@kanaries/ml

Clusters

API reference for Clusters

Clusters

Clustering Algorithms Comparison

Compare different clustering algorithms on classic datasets. The datasets shown here are commonly used to demonstrate the strengths and weaknesses of different clustering approaches.

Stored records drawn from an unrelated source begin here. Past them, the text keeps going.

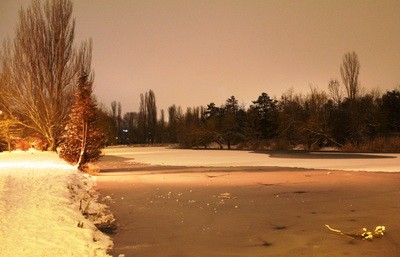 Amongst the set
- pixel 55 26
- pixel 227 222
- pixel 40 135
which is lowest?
pixel 227 222

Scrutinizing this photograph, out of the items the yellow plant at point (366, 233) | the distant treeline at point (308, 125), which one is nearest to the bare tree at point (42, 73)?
the distant treeline at point (308, 125)

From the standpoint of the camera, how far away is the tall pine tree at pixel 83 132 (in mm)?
25328

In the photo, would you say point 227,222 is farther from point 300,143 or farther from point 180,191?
point 300,143

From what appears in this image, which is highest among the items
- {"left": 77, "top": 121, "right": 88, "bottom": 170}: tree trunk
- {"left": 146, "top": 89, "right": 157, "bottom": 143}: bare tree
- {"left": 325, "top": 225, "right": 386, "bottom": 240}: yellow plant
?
{"left": 146, "top": 89, "right": 157, "bottom": 143}: bare tree

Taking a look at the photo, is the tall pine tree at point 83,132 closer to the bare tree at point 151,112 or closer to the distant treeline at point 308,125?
the distant treeline at point 308,125

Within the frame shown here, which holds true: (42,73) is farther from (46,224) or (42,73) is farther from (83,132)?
(46,224)

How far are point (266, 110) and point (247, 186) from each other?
60224mm

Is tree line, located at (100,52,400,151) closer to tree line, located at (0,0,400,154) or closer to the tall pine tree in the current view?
tree line, located at (0,0,400,154)

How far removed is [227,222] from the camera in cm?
982

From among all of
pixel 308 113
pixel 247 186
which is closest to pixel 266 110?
pixel 308 113

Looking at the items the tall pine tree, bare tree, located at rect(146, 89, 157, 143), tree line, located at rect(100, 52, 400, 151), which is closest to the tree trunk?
the tall pine tree

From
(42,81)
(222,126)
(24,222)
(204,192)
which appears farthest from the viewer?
(222,126)

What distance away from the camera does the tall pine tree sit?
2533 centimetres

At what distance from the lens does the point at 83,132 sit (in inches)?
995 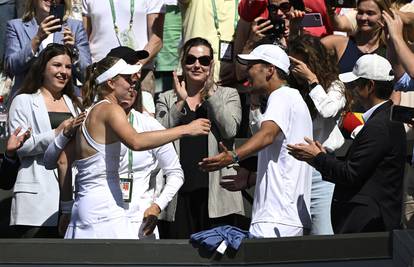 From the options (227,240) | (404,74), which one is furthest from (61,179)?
(404,74)

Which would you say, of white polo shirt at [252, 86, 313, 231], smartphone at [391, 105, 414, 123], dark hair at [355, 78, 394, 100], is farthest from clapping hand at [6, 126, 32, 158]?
smartphone at [391, 105, 414, 123]

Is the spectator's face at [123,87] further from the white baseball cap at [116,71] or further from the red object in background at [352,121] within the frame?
the red object in background at [352,121]

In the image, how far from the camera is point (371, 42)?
9.65m

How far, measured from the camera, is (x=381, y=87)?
743 cm

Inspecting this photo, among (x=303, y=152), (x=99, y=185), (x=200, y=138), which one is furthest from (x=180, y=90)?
(x=303, y=152)

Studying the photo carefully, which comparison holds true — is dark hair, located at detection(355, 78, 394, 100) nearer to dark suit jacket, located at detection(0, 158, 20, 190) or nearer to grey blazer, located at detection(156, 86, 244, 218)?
grey blazer, located at detection(156, 86, 244, 218)

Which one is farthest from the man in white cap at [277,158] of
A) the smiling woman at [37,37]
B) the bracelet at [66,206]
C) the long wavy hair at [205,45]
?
the smiling woman at [37,37]

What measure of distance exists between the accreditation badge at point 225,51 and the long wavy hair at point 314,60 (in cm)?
151

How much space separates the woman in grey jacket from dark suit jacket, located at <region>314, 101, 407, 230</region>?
5.22ft

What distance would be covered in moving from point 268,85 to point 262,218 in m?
0.84

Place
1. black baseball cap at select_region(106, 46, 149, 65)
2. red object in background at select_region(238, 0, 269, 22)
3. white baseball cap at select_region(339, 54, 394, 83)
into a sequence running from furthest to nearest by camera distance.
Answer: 1. red object in background at select_region(238, 0, 269, 22)
2. black baseball cap at select_region(106, 46, 149, 65)
3. white baseball cap at select_region(339, 54, 394, 83)

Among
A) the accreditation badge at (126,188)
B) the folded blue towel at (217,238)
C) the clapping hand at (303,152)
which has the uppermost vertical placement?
the clapping hand at (303,152)

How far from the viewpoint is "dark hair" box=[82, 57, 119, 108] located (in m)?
7.53

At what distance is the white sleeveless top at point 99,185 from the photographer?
287 inches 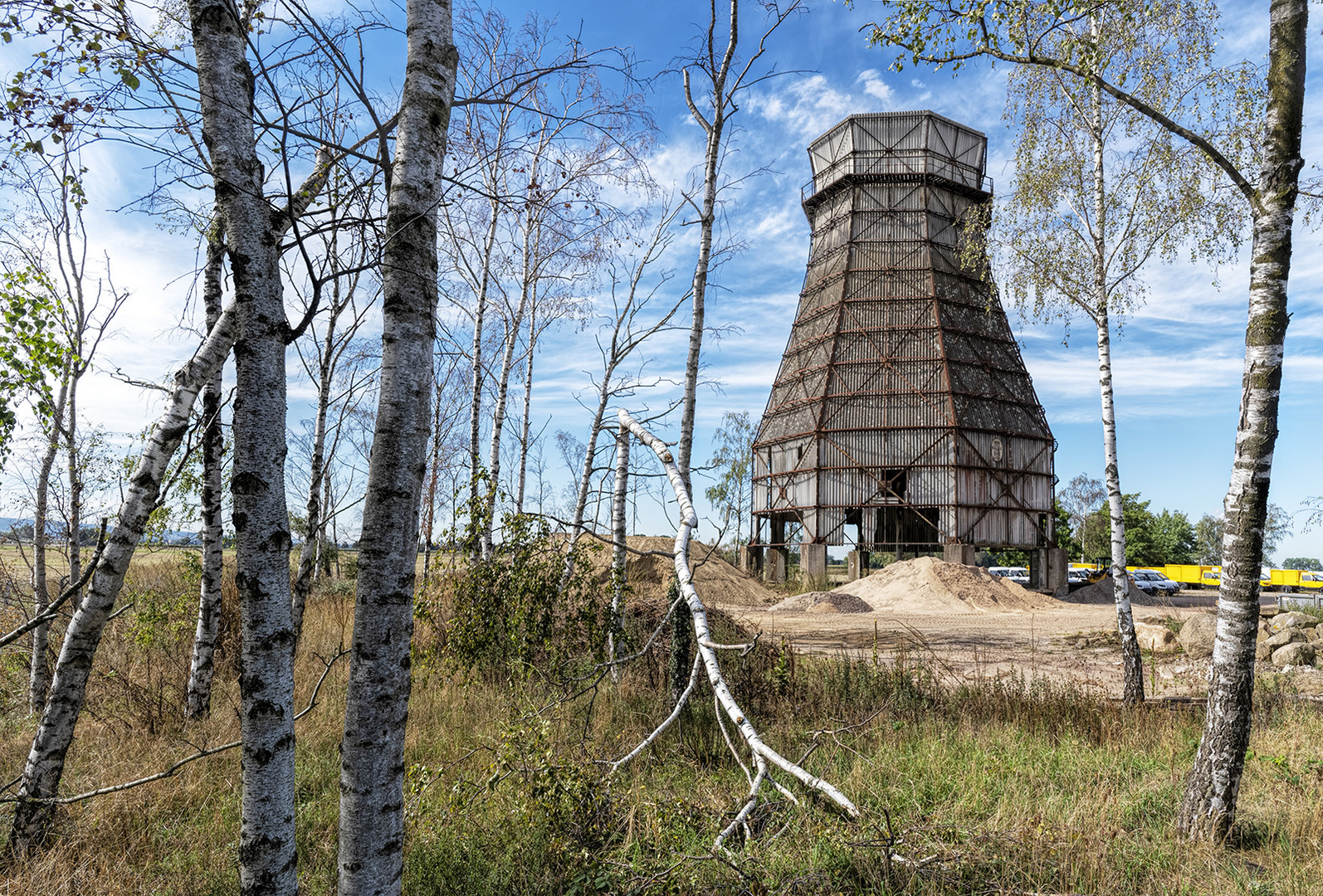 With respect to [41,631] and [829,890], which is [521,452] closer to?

Algorithm Comparison Notes

K-Means

Assumes circular clusters and struggles with non-convex shapes. Works well when clusters are spherical and similar in size.

DBSCAN

Excellent for non-convex shapes and handles noise well. Requires tuning of epsilon and min_samples parameters.

OPTICS

Extension of DBSCAN that works with varying densities. Creates a reachability plot for cluster extraction.

Mean Shift

Finds clusters by shifting points towards modes of the data distribution. Automatically determines cluster count.

HDBSCAN

Hierarchical extension of DBSCAN that works well with varying densities and hierarchical cluster structures.

Clusters.KMeans

constructor (n_clusters: number = 2, opt_ratio: number = 0.05, initCenters?: number[][], max_iter: number = 30)
props nametypedefault value
n_clustersnumber2
opt_rationumber0.05
initCentersnumber[][]undefined
max_iternumber30
const X = [
    [0, 0],
    [0.5, 0],
    [0.5, 1],
    [1, 1],
];
const sampleWeights = [3, 1, 1, 3];
const initCenters = [[0, 0], [1, 1]];

const kmeans = new KMeans(2, 0.05, initCenters);

const result = kmeans.fitPredict(X, sampleWeights);

Clusters.DBScan

constructor(eps: number = 0.5, minSamples: number = 5, distanceType: Distance.IDistanceType = 'euclidiean')

fitPredict(samplesX: number[][]): number[] returns cluster labels for samples. Noise points are marked as -1.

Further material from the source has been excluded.